Aceh Barat Daya – Rencana pembangunan Batalyon TNI di Kabupaten Aceh Barat Daya (Abdya) menuai gelombang penolakan keras. Jaringan Aneuk Syuhada (JASA) Abdya menyebut kebijakan itu sebagai bentuk provokasi terbuka dan pengkhianatan terhadap perjanjian damai Aceh.
Ketua JASA Abdya, Said Fadhli, mengingatkan pemerintah pusat untuk tidak bermain api di atas bara luka masyarakat Aceh. Ia menyebut pembangunan markas militer di tanah bekas konflik sebagai tindakan brutal yang bisa memicu ledakan sosial baru.
“Pembangunan Batalyon di Abdya adalah tindakan sembrono. Ini bukan hanya persoalan infrastruktur militer, tapi serangan terhadap ingatan kolektif dan martabat rakyat Aceh,” kata Said dalam keterangannya pada media ini, Kamis (7/8/2025) malam.
Said menegaskan, jika pemerintah tetap memaksakan agenda tersebut, JASA bersama rakyat akan turun ke jalan. Ia bahkan tak segan menyebut bahwa gerakan perlawanan bisa kembali muncul jika substansi MoU Helsinki terus diabaikan.
“Kalau pemerintah terus menginjak-injak MoU Helsinki dan UUPA, jangan salahkan kami jika rakyat Aceh kembali menuntut kemerdekaan. Karena ini sudah terlalu jauh,” ujarnya lantang.
Lebih jauh, Said menyinggung peran negara yang belum menuntaskan berbagai pelanggaran HAM di Aceh. Ia mengaku menjadi salah satu anak korban konflik yang kehilangan ayah secara misterius.

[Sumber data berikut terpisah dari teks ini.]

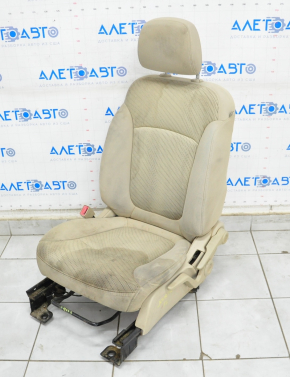 Driver's seat Dodge Journey 11-20 without airbag, mechanic, beige cloth, chemically treated
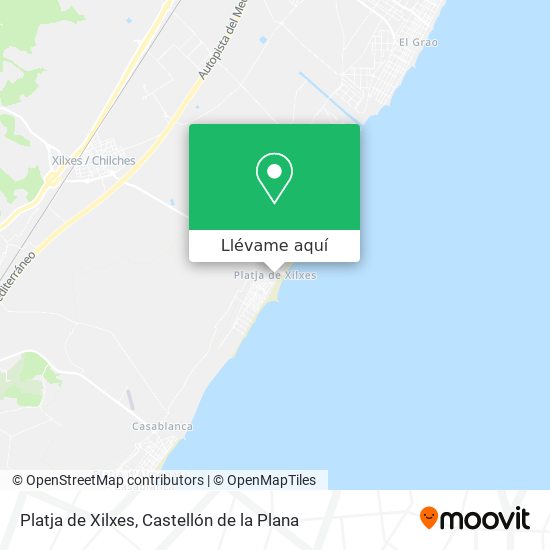 Mapa Platja de Xilxes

“Ayah saya dibunuh tanpa proses hukum, tanpa keadilan, tanpa kuburan. Sampai hari ini, negara diam. Lalu sekarang kalian datang dengan Batalyon? Ini penghinaan,” tegasnya.
Menurutnya, pembangunan markas militer di Abdya justru akan mencederai semangat rekonsiliasi dan membuka kembali luka yang belum sembuh.
“Ini bukan proyek biasa. Ini upaya menghapus ingatan perjuangan dan penderitaan rakyat Aceh. Pemerintah pusat harus tahu diri dan tahu sejarah,” ucapnya.
Said juga mengingatkan, kedamaian Aceh tidak dibeli dengan program atau proyek, tapi dibayar mahal dengan darah dan kehilangan. Jika pemerintah tetap memilih jalur represif, ia menyebut gejolak perlawanan adalah konsekuensi yang tak bisa dihindari.
“Damai ini lahir dari luka, bukan dari belas kasih Jakarta. Jangan pernah mengira rakyat Aceh sudah lupa, apalagi menyerah,” tutupnya.